I was browsing around and I incidently stumbled across an article from Wikipedia. Of course, I’ve done no research whatsoever on the figures that I am about to post here.

Broken Chair

So, according to Wikipedia on the topic of Financial Literacy:

In Australia, 67 per cent of respondents indicated that they understood the concept of compound interest, yet when they were asked to solve a problem using the concept only 28 per cent had a good level of understanding.

A British survey found that consumers do not actively seek out financial information. The information they do receive is acquired by chance, for example, by picking up a pamphlet at a bank or having a chance talk with a bank employee.

A Canadian survey found that respondents considered choosing the right investments to be more stressful than going to the dentist.

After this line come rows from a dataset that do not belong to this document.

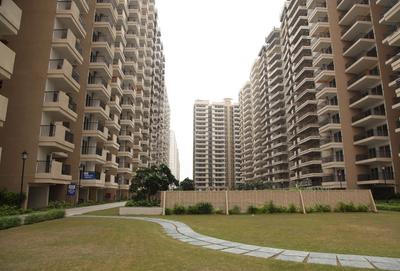 Gallery Cover Image of 955 Sq.ft 2 BHK Apartment for buy in Omicron I Greater Noida for 3200000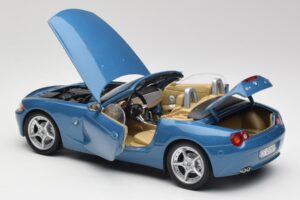 BMW Z4 E85 Maldives Blue Bburago 1:18 34046BLUE Metal - imagem 5 de 8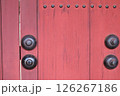 お寺の門扉 126267186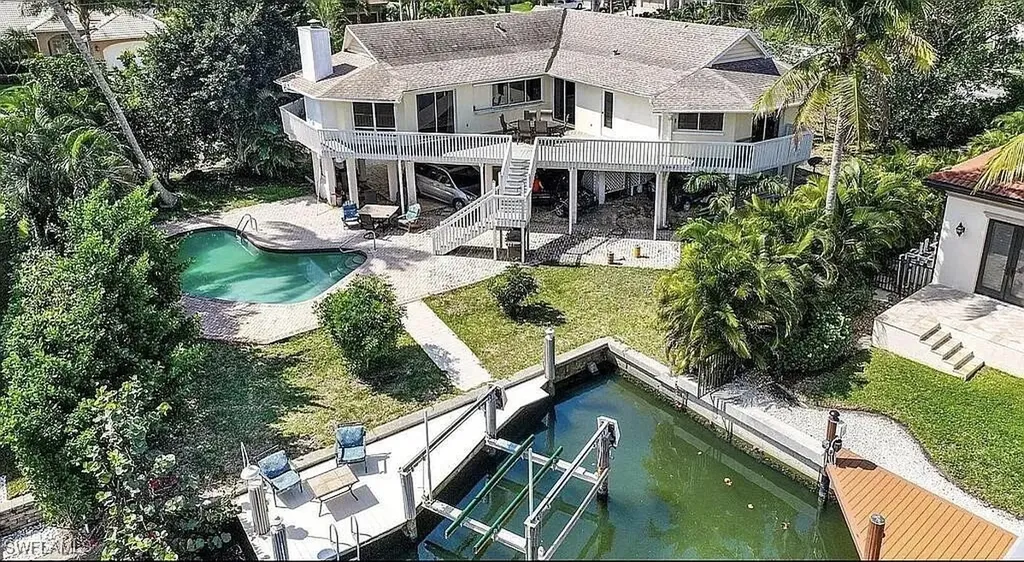 1800 Woodbine Court Marco Island FL 34145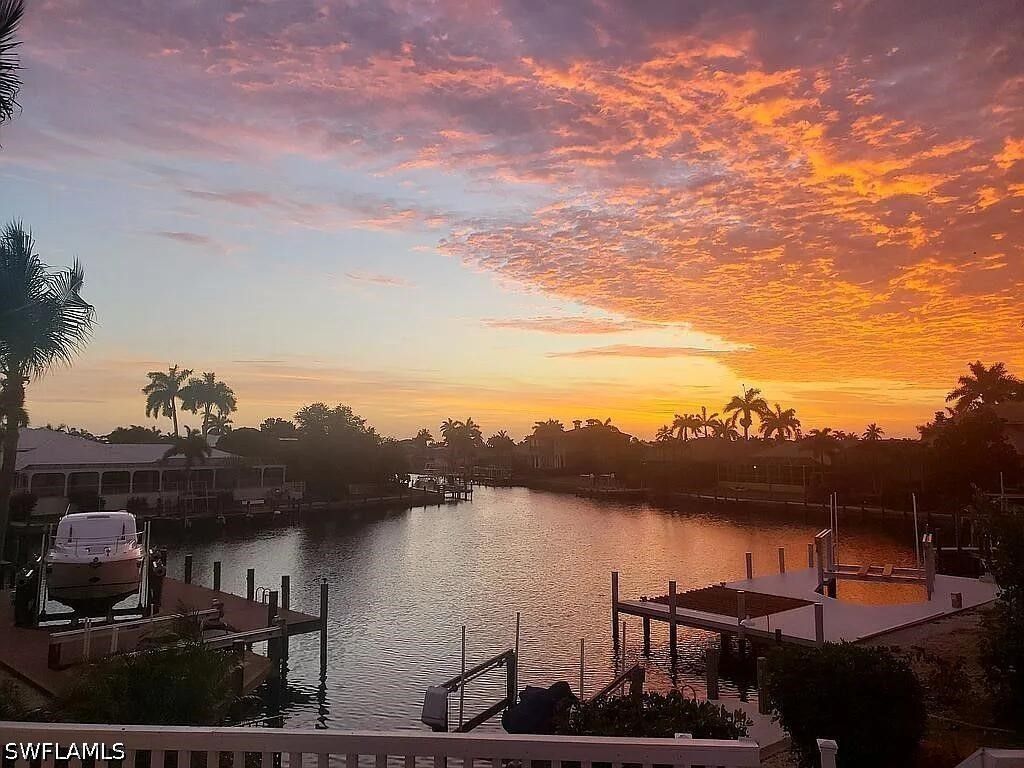 1800 Woodbine Ct, Marco Island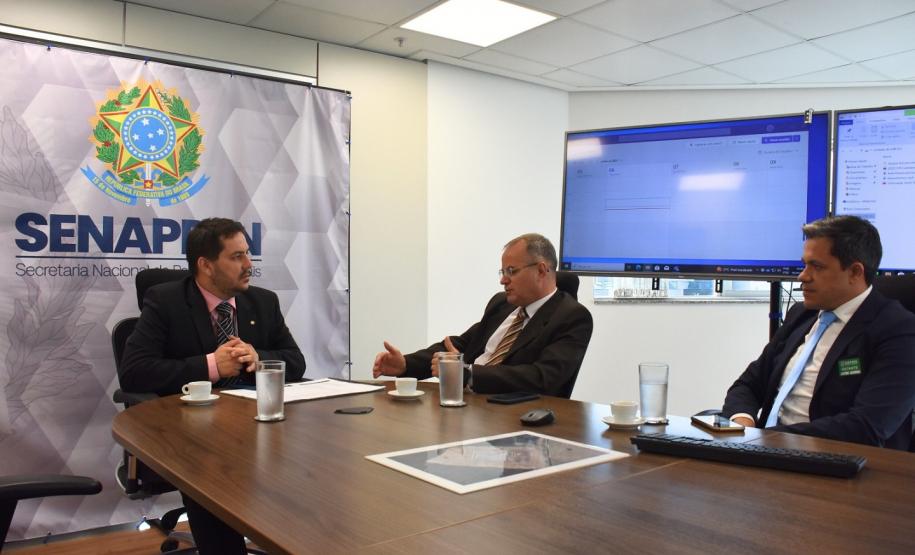 Construção de novas Unidades de Progressão é tema de reunião em Brasília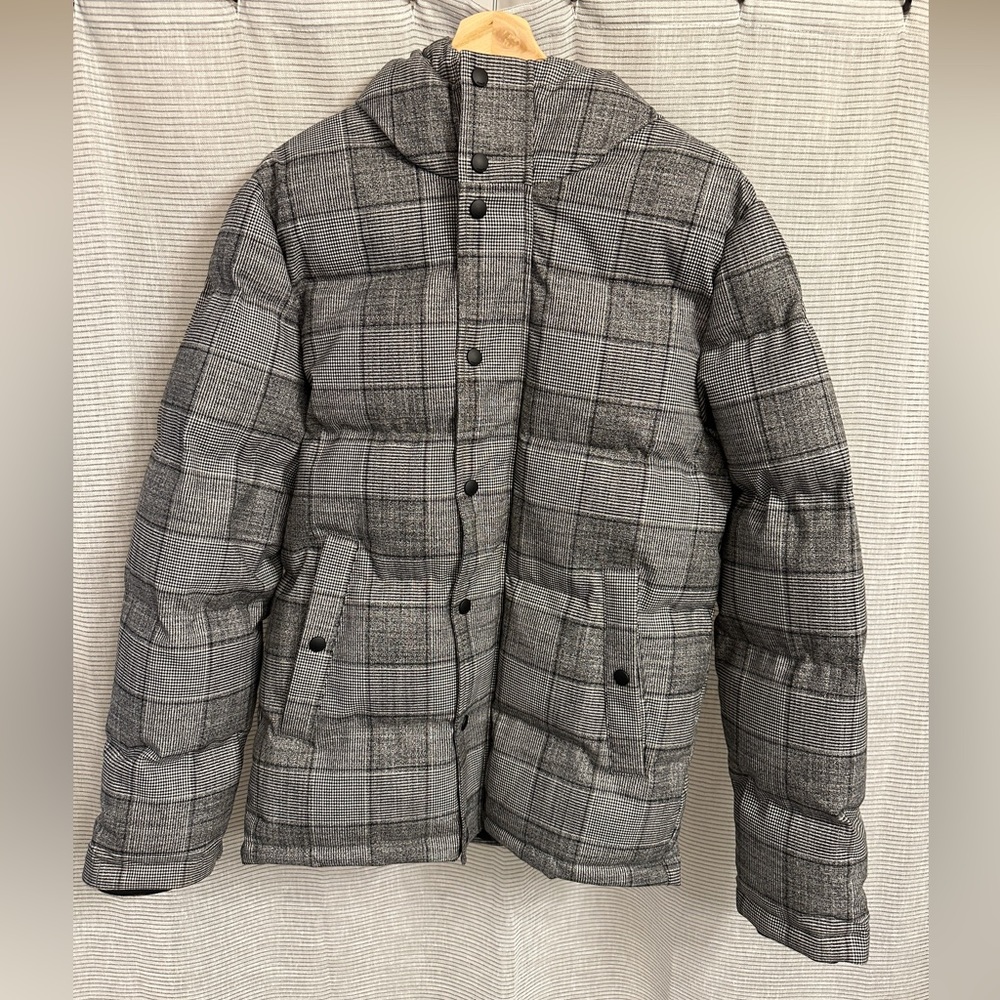 Express men’s black and white plaid puffer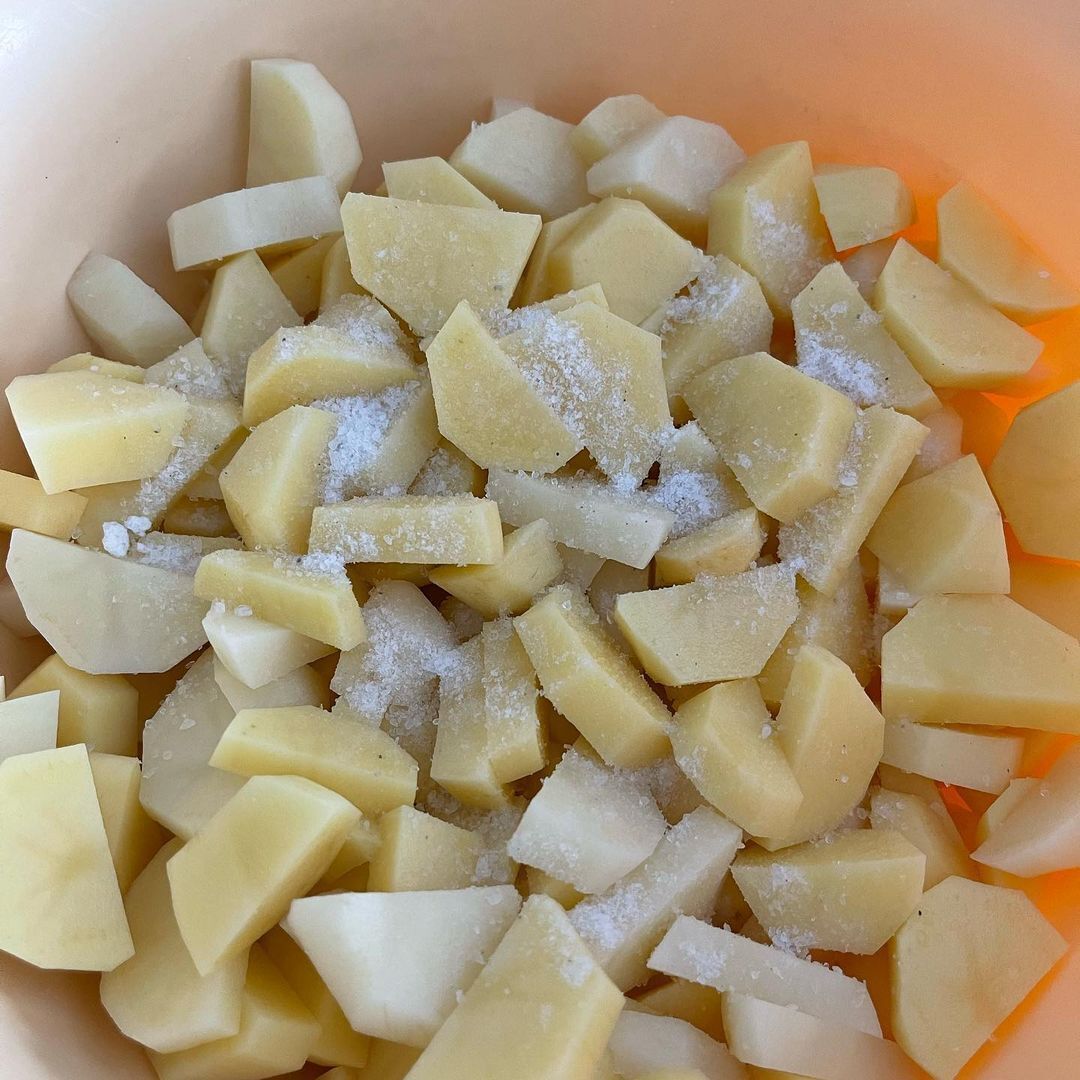 Картофель с солью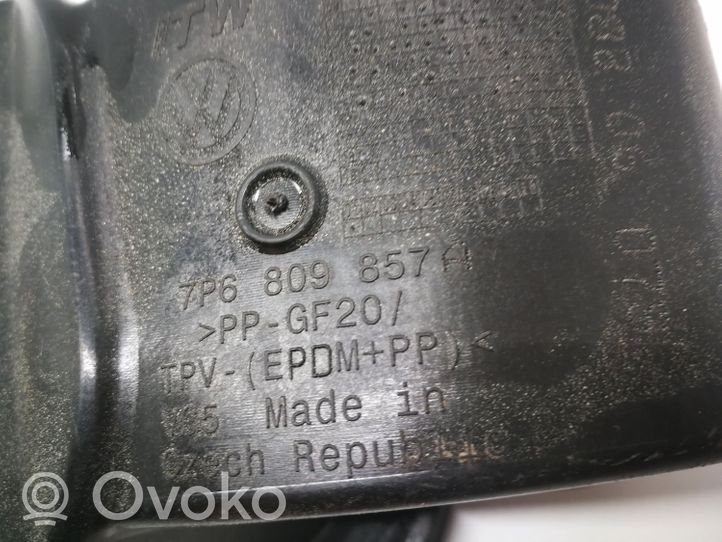 Volkswagen Touareg II Volet de trappe réservoir de carburant 7P6809857A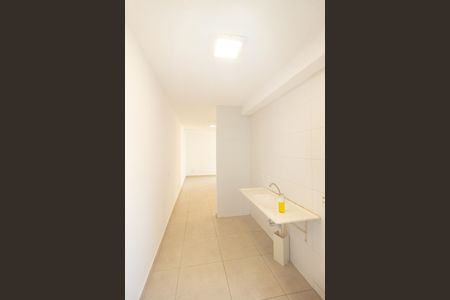 Cozinha e Área de Serviço de apartamento para alugar com 2 quartos, 43m² em Santa Cruz, Rio de Janeiro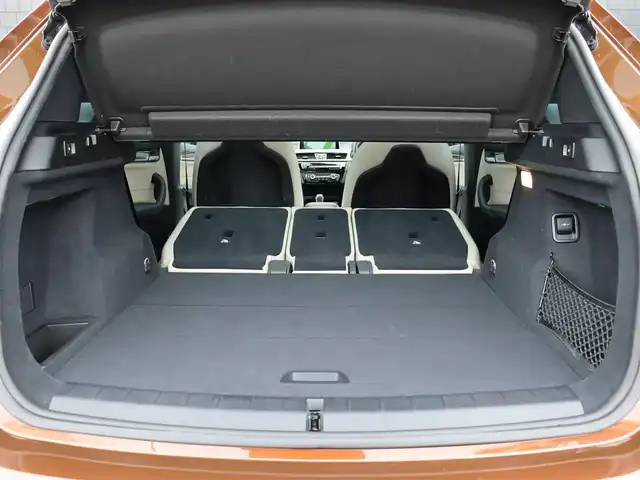 ＢＭＷ Ｘ１ xDrive 20i Xライン 宮城県 2015(平27)年 5.1万km 茶 サンルーフ　/インテリジェントセーフティ　/純正ナビ【BT/CD/DVD/AUX】/前席シートヒーター　/白レザーシート　/ミラー一体型ＥＴＣ　/ルーフレール　/アンビエントライト　/パワーテールゲート　/車線逸脱警告　/歩行者警告/バックカメラ　/純正19インチＡＷ/ダウンヒルアシストコントロール/ドライビングモードスイッチ/LEDヘッドライト/パーキングアシスト/前後コーナーセンサー/禁煙車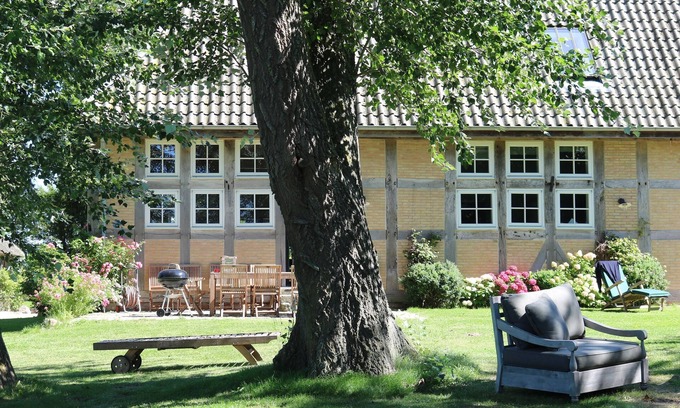 Pommerby House | Old barn near the beach with fireplace, sauna and plenty of space for families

A survey of Korean high-school students showed that they had failing scores – that is, they answered fewer than 60 per cent of the questions correctly – on tests designed to measure their ability to choose and manage a credit card, their knowledge about saving and investing for retirement, and their awareness of risk and the importance of insuring against it.

A survey in the US found that four out of ten American workers are not saving for retirement.

Obviously, most people are financially illiterate. Now, the question that I have to ask is how well these figures apply to the information security sphere. I mean, if similar studies are made, would they reveal the current state of information security awareness, which imho is non-existent? Would they show that information security problems are rarely solvable with software because I believe that even with the latest patches and equipped with the latest security defense technologies, people are still hackable.